Like all writing “rules”, this won’t work for everyone, but it’s done wonders for me. I also tend to write puffy in my first drafts. Much of that puffiness is over-explanation of the character’s motivations and way, way too much procedural nonsense with characters crossing rooms and opening doors and sitting on chairs and shit like that. I try to cut as much of that out as I can in my first pass. I did okay with Hell to Play, my current WIP, excising a good 5,500 words, which is around 7% of the total length. The novel is now with my critique partners, and they’ll get me the rest of the way there. I want the leanest, meanest novel I can get when I hand the manuscript over to my agent, and King’s 10% rule is a good place to start.

The Novel

As I mentioned above, Hell to Play is with my critique partners. The notes so far have been coming in are encouraging. There are, of course, many things I’ll need to address in the next revision, but I feel like this book is in much better shape at this point in the game than my last novel, Late Risers, which is likely destined to be a trunk novel without a serious rewrite. I feel it in my bones that this novel is better than the last. It’s tighter, the writing more honest, and the story one I’ve wanted to tell for a while. Does that mean fame and fortune await? Probably not, but I like my chances with this novel more than with the last.

Short Story Submissions

Last week, I finally got my ass in gear and sent out a decent number of submissions.

  • Submissions Sent: 6
  • Rejections: 2
  • Acceptances: 1
  • Publications: 1
  • Shortlist: 0

Six subs last week is great, and it gave me eight for the month and 59 for the year. Still off my pace of 100 for the year, but I think I can catch up. The two rejections were form rejections of no real note, but they did push me closer to a rejection milestone I’ll discuss at length in an upcoming blog post. The acceptance is a good one, and even better, it keeps my streak of at least one acceptance per month in 2020 intact. I’ll discuss the acceptance and the publication below.

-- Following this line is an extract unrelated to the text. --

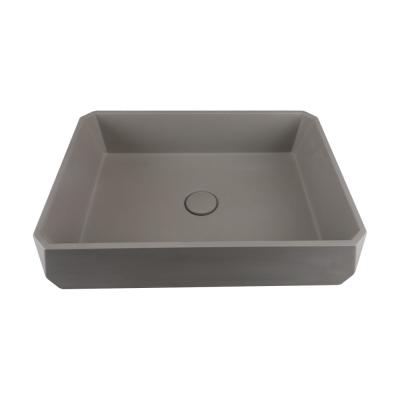 China Taupe Clay Counter Top Table Concrete Wash Basin Matte Finish for sale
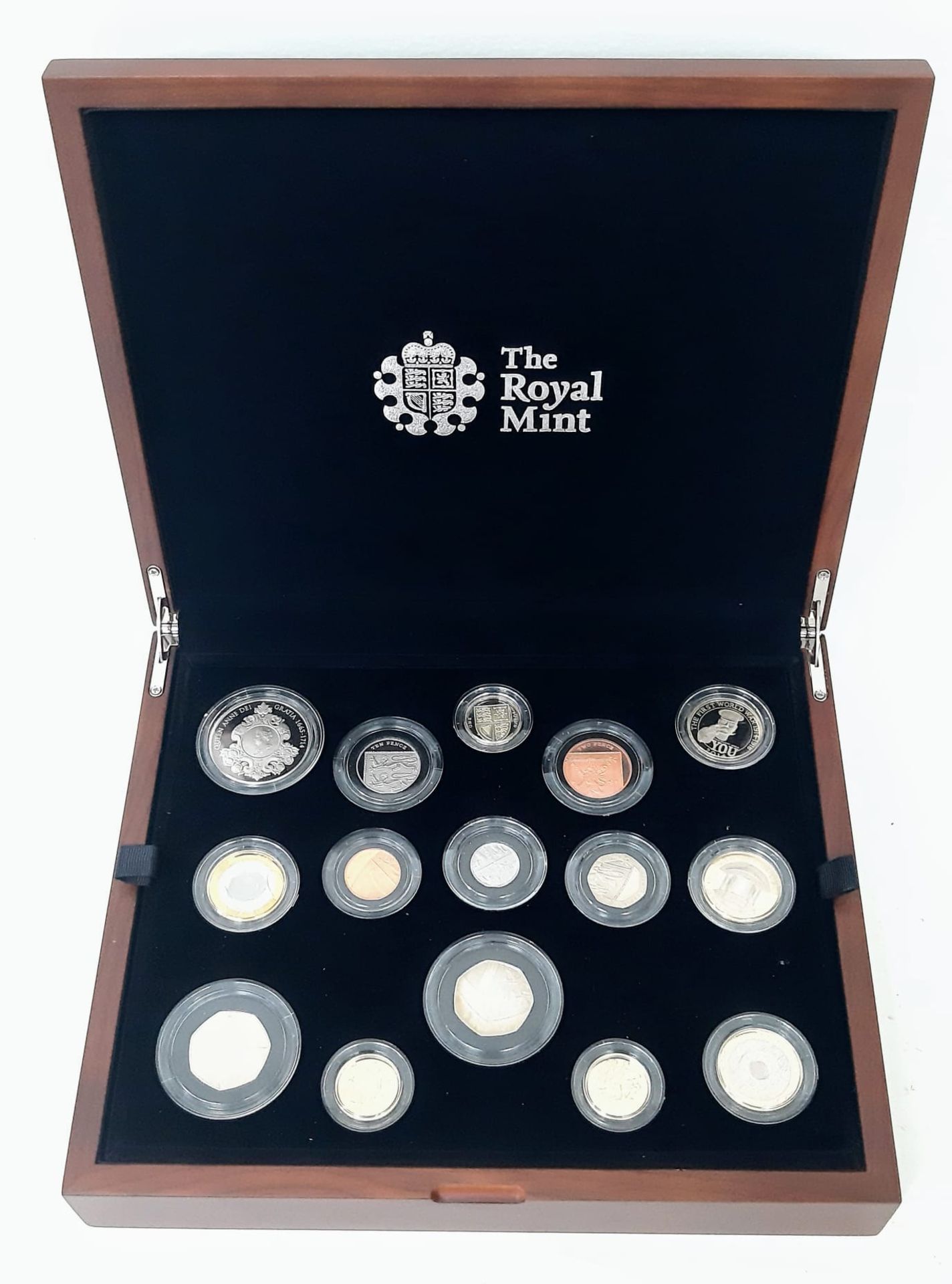 The Royal Mint 2014 United Kingdom Premium Proof 15 Coin Set. Slight marks on exterior box but the - Image 8 of 8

The acceptance last week was from The Molotov Cocktail. I managed to win the Flash Odyssey contest with my story “Toward the Sun.” I’ve been entering the Molotov flash contests for six years, and though I’ve placed and even cashed a number of times, I’ve never taken home the big prize. It was nice to get that win, and I think the story is one of the better pieces of flash I’ve written in a long time. You can read “Toward the Sun” by clicking the link below.

Read “Toward the Sun” at The Molotov Cocktail


Here are my writing goals for this week.

  • Write and submit more short stories.
  • Keep absorbing notes from my critique partners on Hell to Play and start figuring out what the next revision will look like.

And that was my week. How was yours?

4 Comments on “A Week of Writing: 8/24/20 to 8/30/20

  1. Congratulations, Aeryn! I enjoyed the story. Very well done.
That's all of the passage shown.